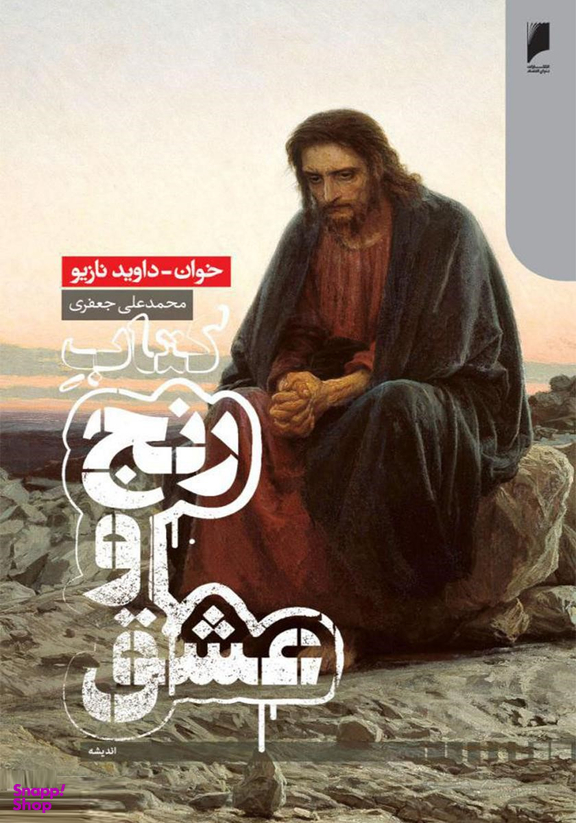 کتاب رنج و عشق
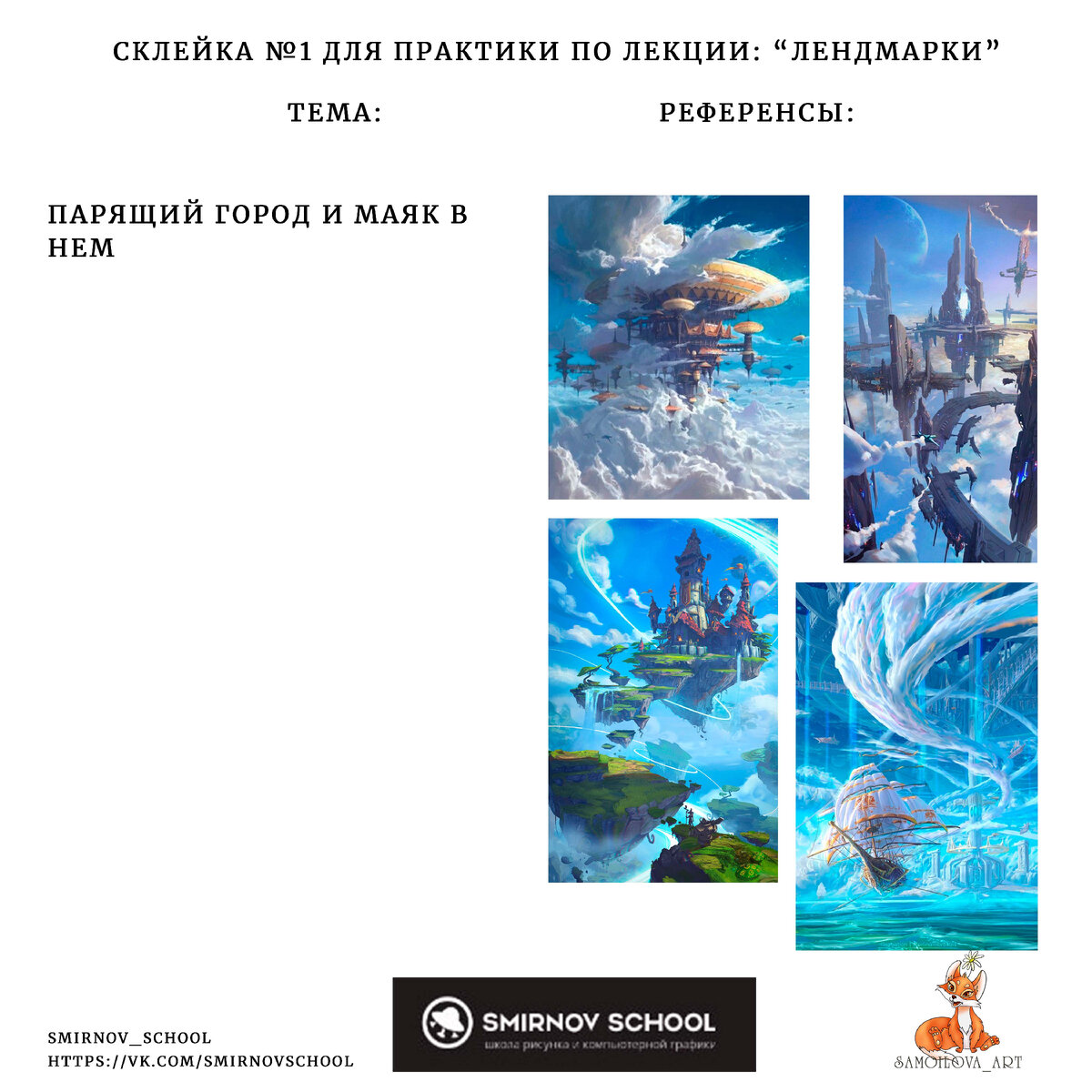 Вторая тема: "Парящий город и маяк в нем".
━━━━━━━━━━
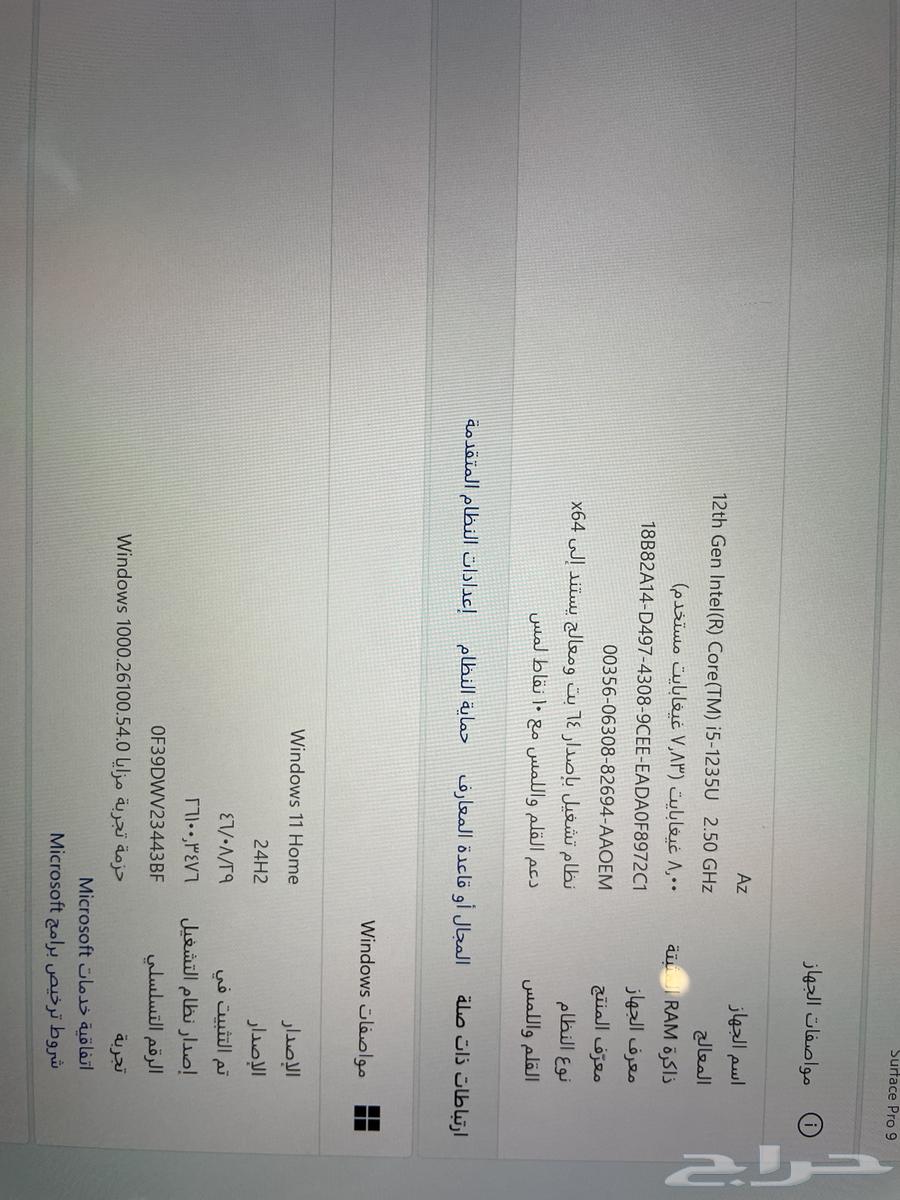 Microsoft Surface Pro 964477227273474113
━━━━━━━━━━
* **WHAT THE EXERCISE ASKS**
All lines above starting at the one with "کتاب رنج و عشق" and ending at the one with "город и маяк", inclusive, are to be printed again exactly, with the pictures left out.

* **ANSWER TO THE PROBLEM**
 کتاب رنج و عشق
 Вторая тема: "Парящий город и маяк в нем".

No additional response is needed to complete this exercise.